25 Sep Human Activity Recognition at the Edge
Human Activity Recognition (HAR)—using smart electronic devices with micro-controllers—continues to gain momentum across many industries. These devices include wearables, fashion electronics, smartphone sensors, and more. HAR is being used within healthcare, education, entertainment, surveillance, sports, security systems, smart homes, and various other sectors to provide human activity and behavior analysis.
Implementation of edge computing has reduced communication latency and network traffic by moving computation closer to data sources and reducing cloud server dependency. However, resource constraints on edge devices limit high computation capacity. A combination of low latency and low computation architecture algorithms are more suitable for deployment on edge devices for HAR applications.
HAR Input Sources
HAR systems are deployed using either external devices or wearable sensors.
External devices such as monitoring devices are set at a fixed location and expected to pick up user interaction. Another example of external input for HAR is vision-based inputs that require infrastructure support, such as the installation of video cameras. In addition to being cost prohibitive, cameras cannot capture data if the user is out of their viewing angle.
Wearable sensors, such as accelerometers, gyroscopes, and magnetometers, support HAR by translating human motion into signal patterns. Recent advances in embedded sensor technology make it possible for today’s smart devices to effectively monitor the user’s activity.
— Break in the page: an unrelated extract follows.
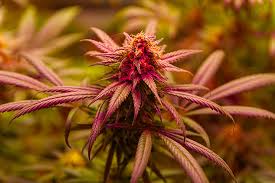 Exploring the Best Marijuana Seeds Florida Has to Offer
Scaled Algorithms for Edge-Level Deployment
Deep learning algorithms have demonstrated high performance in HAR systems; however, these algorithms require a lot of computation making them inefficient to be deployed on edge devices. For action recognition and spatial cues as well as temporal dynamics both need to be considered. Spatial information includes pixel intensities, patterns, etc. Temporal dynamics is the relationship between past and present conditions of scenes across videos.
Deep networks such as ConvNets are incapable of modeling long-term temporal variations and usually rely on Recurrent Neural Networks or Long Short-Term Memory Networks to encode temporal information present in the scene. This approach typically requires huge amounts of computation power for only 10 or 15 frames of a video sequence. Most existing architectures for HAR are designed for trimmed videos and a trimmed sequence has actions that only last for 5 to 10 seconds. Working with a trimmed sequence is not compatible with real life use cases.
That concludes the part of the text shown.